This past weekend, The New York Times reviewed a book titled The Haves and the Have Nots: A Brief and Idiosyncratic History of Global Inequality.The book is about income distribution and while it may sound like the same old argument about the inequality of it all, it is more. The book is built around three academic essays; but each is followed by a number of short pieces to add flavor and color to the discussion.
What is particularly interesting to me is the information that seems to be in the second and third essays - those that focus on global inequality. There are bits of information in there that can be used with students when discussion income inequality and economic development that might bring clarity to their thought. Specifically, it will help them understand that the idea of wealth can be somewhat subjective.
This blog post from The New York Times (HT to Marginal Revolution) was a follow-up to the review. The author points out an interesting chart that shows that the average real income of the bottom five percent in the U.S. is higher than the average real income of the top five percent in India.
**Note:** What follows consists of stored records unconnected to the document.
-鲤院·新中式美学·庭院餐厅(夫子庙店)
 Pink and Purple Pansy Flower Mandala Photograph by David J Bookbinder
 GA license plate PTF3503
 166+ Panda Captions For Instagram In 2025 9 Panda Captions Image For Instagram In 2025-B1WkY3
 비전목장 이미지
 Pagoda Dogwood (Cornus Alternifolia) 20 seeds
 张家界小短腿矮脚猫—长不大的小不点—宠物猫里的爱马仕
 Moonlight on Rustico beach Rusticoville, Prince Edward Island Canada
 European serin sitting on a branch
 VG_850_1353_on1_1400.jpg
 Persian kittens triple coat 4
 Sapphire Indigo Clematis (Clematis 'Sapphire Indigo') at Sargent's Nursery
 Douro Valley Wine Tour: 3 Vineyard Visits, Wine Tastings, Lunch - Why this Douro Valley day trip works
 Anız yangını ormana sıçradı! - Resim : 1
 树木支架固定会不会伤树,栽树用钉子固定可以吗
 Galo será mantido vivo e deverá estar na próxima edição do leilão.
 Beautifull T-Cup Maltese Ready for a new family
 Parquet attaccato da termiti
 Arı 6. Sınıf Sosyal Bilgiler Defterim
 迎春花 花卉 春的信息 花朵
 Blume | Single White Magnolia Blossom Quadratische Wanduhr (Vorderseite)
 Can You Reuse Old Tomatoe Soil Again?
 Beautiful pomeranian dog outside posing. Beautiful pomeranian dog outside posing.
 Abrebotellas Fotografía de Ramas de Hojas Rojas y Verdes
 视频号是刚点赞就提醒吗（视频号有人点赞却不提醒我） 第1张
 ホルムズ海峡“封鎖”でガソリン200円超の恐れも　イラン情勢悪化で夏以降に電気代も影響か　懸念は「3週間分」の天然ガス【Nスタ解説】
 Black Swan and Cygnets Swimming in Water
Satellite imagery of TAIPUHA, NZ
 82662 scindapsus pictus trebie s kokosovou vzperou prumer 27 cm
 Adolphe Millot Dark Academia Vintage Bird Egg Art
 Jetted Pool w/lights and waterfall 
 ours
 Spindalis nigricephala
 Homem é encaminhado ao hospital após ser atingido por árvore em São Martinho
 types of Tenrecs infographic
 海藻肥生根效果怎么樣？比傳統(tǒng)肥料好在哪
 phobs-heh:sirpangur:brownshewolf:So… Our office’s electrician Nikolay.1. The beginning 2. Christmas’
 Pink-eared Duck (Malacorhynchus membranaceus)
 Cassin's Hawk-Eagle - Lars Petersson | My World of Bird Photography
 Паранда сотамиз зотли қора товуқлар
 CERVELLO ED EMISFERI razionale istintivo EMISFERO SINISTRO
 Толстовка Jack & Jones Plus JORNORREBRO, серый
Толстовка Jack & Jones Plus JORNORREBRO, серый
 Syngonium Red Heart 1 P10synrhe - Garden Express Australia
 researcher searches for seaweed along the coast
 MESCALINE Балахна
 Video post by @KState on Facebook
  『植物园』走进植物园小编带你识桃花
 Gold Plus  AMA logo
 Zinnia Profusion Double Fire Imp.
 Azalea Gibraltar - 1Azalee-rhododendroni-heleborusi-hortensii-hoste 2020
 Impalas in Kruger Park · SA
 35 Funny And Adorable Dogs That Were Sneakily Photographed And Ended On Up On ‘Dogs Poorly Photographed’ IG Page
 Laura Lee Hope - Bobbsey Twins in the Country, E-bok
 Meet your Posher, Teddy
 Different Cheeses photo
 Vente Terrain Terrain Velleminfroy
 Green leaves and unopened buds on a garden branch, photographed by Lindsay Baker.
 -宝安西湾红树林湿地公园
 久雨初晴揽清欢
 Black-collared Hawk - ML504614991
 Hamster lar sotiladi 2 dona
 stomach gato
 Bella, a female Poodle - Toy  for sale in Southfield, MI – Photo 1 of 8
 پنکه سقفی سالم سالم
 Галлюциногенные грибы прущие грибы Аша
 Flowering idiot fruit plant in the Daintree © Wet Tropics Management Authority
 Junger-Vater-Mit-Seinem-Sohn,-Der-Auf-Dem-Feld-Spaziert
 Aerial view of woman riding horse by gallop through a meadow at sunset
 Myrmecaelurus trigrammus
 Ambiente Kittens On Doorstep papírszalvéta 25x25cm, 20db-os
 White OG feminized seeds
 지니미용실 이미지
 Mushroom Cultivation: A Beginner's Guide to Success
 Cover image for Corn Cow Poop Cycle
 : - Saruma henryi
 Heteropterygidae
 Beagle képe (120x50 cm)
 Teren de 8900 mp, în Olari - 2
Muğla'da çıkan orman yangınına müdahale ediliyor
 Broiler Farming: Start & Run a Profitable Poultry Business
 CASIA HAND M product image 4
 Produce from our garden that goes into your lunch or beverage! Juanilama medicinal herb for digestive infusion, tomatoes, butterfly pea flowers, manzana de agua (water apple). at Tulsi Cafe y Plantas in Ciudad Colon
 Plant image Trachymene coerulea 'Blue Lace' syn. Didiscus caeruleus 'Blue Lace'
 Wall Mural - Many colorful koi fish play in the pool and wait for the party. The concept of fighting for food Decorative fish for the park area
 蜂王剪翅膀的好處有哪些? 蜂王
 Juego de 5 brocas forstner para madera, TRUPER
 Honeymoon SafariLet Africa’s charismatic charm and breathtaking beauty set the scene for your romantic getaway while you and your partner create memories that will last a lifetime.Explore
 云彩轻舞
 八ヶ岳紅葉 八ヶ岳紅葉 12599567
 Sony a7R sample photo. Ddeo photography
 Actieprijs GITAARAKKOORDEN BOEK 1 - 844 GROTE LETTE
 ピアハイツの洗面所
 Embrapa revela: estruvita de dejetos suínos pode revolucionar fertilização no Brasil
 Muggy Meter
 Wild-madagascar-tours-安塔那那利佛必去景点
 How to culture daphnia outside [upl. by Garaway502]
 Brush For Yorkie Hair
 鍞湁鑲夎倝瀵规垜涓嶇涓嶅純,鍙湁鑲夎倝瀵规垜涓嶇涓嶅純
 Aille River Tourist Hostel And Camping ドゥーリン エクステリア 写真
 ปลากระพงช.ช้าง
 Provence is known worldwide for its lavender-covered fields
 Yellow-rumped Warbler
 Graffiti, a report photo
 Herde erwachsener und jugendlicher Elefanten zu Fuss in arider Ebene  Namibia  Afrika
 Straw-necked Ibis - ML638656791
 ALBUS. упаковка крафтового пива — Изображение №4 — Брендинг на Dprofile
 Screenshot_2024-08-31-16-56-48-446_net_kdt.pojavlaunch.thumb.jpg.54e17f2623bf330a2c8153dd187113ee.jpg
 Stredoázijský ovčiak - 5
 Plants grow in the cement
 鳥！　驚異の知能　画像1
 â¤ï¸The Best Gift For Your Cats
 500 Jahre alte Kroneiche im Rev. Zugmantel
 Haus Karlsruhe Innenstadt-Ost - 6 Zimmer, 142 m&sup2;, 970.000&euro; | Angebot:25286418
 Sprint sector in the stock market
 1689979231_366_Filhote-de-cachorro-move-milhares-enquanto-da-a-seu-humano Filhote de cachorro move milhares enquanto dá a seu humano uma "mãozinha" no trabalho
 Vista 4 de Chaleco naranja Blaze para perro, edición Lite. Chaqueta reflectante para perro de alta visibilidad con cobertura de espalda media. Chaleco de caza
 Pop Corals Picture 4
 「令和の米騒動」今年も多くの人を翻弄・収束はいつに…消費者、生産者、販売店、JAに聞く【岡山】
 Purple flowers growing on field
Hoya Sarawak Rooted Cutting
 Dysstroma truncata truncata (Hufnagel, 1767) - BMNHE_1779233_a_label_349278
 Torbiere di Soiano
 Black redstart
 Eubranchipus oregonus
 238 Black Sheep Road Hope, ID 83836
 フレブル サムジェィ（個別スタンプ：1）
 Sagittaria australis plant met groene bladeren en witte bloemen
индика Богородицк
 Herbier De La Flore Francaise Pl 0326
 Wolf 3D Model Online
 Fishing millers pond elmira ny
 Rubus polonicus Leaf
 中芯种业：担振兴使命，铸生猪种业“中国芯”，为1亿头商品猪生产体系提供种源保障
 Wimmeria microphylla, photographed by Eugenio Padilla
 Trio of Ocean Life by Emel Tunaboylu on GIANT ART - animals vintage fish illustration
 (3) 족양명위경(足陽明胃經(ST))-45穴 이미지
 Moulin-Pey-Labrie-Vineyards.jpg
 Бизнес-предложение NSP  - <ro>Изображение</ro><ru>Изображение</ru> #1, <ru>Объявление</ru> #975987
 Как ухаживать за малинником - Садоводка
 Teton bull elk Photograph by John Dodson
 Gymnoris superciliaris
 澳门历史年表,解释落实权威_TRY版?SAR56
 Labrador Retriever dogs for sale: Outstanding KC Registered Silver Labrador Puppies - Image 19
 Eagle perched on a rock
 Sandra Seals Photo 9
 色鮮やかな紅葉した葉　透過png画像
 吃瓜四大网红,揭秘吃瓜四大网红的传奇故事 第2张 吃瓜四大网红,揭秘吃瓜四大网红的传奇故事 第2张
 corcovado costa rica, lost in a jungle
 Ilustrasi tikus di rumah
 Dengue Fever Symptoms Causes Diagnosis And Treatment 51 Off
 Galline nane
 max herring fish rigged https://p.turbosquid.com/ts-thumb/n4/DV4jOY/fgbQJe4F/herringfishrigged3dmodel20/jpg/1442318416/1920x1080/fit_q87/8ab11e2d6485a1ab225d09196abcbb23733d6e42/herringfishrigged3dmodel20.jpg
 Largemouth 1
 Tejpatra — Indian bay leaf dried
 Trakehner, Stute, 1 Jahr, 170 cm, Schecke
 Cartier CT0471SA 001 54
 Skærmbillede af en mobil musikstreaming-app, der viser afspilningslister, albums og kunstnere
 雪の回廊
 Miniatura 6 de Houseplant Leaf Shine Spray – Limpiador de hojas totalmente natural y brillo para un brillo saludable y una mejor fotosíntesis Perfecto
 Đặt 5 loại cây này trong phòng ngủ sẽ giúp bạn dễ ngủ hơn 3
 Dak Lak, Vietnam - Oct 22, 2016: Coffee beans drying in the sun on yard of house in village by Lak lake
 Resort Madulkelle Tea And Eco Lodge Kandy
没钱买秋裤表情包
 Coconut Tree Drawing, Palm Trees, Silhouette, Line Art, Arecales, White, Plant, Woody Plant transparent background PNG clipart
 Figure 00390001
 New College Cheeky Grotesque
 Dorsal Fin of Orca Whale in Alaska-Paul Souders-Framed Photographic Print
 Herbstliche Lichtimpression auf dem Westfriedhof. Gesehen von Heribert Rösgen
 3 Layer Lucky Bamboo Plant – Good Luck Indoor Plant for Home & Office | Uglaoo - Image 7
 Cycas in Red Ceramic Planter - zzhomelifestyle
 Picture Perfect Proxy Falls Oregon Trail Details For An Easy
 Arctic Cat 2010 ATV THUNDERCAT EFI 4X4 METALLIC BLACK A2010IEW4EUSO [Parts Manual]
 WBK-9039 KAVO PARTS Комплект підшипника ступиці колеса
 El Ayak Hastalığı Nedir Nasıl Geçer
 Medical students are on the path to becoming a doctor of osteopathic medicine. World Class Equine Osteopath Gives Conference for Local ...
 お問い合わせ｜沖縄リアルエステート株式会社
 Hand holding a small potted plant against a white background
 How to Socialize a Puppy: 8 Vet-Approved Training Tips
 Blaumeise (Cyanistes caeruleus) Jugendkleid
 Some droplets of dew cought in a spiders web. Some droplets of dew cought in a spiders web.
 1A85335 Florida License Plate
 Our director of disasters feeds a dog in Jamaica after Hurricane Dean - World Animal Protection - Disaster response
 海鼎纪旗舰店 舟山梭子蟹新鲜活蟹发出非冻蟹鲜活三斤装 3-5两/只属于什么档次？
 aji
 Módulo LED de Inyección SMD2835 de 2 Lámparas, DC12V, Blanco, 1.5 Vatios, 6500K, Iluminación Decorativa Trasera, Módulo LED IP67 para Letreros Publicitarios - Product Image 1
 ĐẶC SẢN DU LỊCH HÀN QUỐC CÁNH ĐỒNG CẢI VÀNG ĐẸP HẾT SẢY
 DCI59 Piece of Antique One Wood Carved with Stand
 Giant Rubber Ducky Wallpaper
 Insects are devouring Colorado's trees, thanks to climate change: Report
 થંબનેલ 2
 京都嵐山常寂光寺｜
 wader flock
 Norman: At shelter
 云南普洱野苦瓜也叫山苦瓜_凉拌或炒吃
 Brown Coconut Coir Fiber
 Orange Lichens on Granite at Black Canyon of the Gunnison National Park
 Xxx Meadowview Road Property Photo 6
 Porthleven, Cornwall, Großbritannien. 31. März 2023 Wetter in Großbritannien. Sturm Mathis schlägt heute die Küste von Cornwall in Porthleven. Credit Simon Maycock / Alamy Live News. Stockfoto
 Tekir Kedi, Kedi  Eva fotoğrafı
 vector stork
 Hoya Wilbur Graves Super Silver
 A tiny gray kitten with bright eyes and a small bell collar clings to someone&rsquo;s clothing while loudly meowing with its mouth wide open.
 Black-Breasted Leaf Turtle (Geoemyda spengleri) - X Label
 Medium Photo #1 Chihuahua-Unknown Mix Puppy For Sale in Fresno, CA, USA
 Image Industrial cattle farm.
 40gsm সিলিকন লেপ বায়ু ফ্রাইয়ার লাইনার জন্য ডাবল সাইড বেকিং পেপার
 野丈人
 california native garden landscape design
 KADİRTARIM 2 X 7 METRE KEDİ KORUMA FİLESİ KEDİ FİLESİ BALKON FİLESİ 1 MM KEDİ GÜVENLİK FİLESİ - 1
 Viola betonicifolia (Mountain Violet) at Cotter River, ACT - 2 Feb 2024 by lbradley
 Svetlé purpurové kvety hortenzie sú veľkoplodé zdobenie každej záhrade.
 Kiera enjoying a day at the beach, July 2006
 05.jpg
Having said that, I suspect the spread in India's top five is significantly larger than the spread in the bottom five in the U.S. That alone should help students become more skeptical about how "averages" are used. But the relative wealth of the "poor" in the U.S. is something that we often forget. That does not excuse the gap, but it does put it into a different perspective. I hope to read this book soon, and I'm placing it on my carousel at left. I hope some of you are also moved to read it, and come back and comment.